This page is about data like the one above. There are three groups, which are the same and spread from 0, but spread in different ways.
Looking at a Linear Mixed Model, you can create a model taking into account that "groups have different slopes".
For a linear mixture model, equal variance is assumed, so It is not a model that does not fit the characteristic that "the larger the X, the greater the variation in the Y direction". If you only want to focus on differences in slope, you can use a linear mixed model, but you can't analyze variability.
If we make Y the histogram only, we can see that the spread in the Y direction is different.
You can analyze the difference in variation. "The larger the X, the greater the variation in the Y direction" is no longer visible.
It seems abrupt, but I created a variable called Y/X and made it a histogram.
Then, the difference in slope of A, B, and C can be expressed by the difference in the center of distribution, and the variation of B is the largest, and the state where C is the smallest can be expressed. This is an application of Regression analysis of Proportional variance.
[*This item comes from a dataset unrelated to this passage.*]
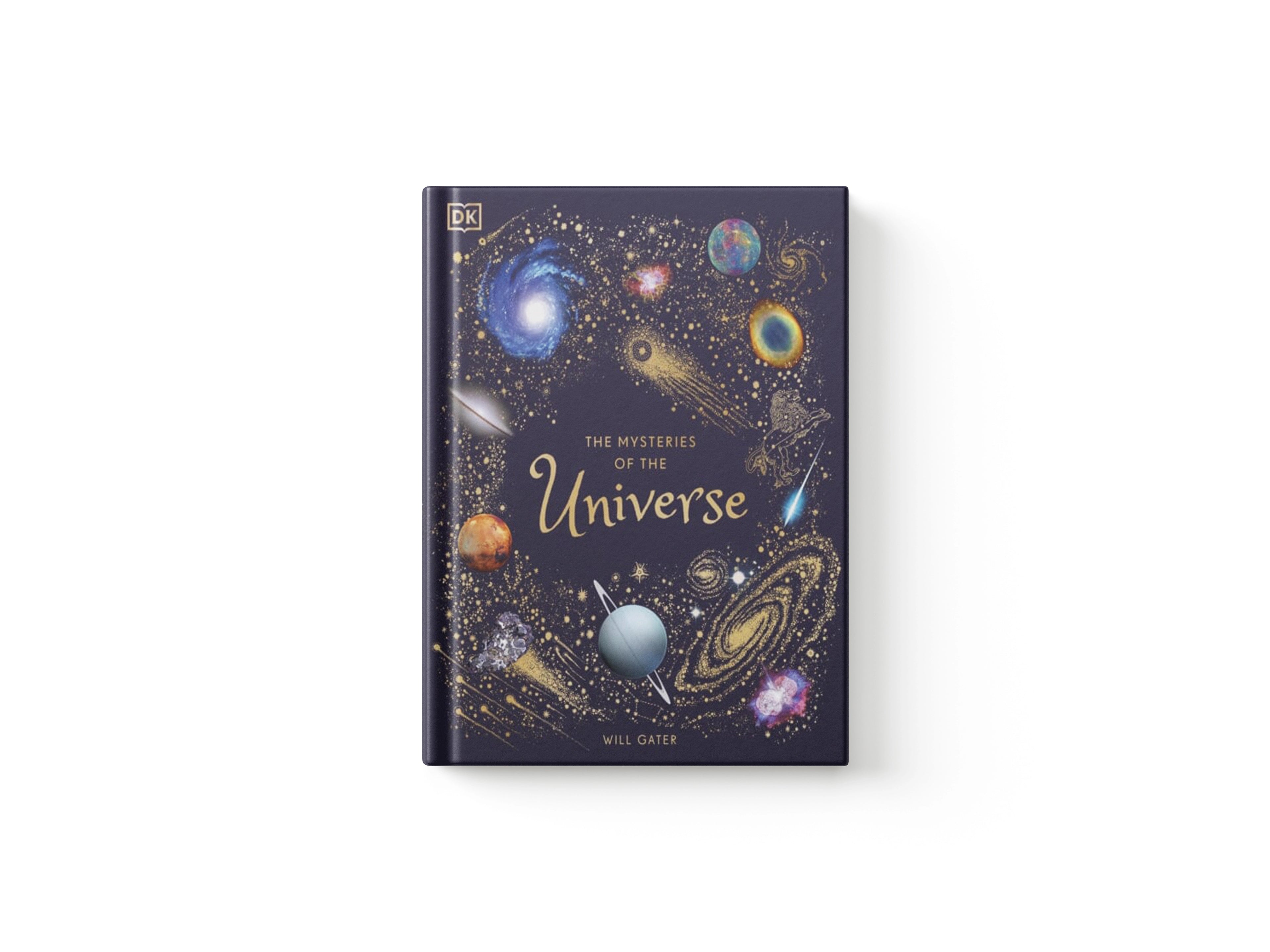 The Mysteries of the Universe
If there is a Proportional variance behind the mechanism of the data, then the histogram of Y has It includes both the property that "the larger the X, the greater the variation in the Y direction" and the property of "the greater the slope". Therefore, the slope is the largest, and the variation of A is the largest.
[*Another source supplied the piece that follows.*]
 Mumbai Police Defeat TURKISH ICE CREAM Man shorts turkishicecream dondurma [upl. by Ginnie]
By looking at the variable Y/X, you can separate the difference in slope from the difference in variation. Therefore, in terms of Proportional variance variation, we can see that B variation is the largest.
If the horizontal axis is the mean value of Y/X and the vertical axis is the standard deviation of Y/X, the information that can be understood from the histogram can be expressed in a simple graph. This method is useful if you have many groups.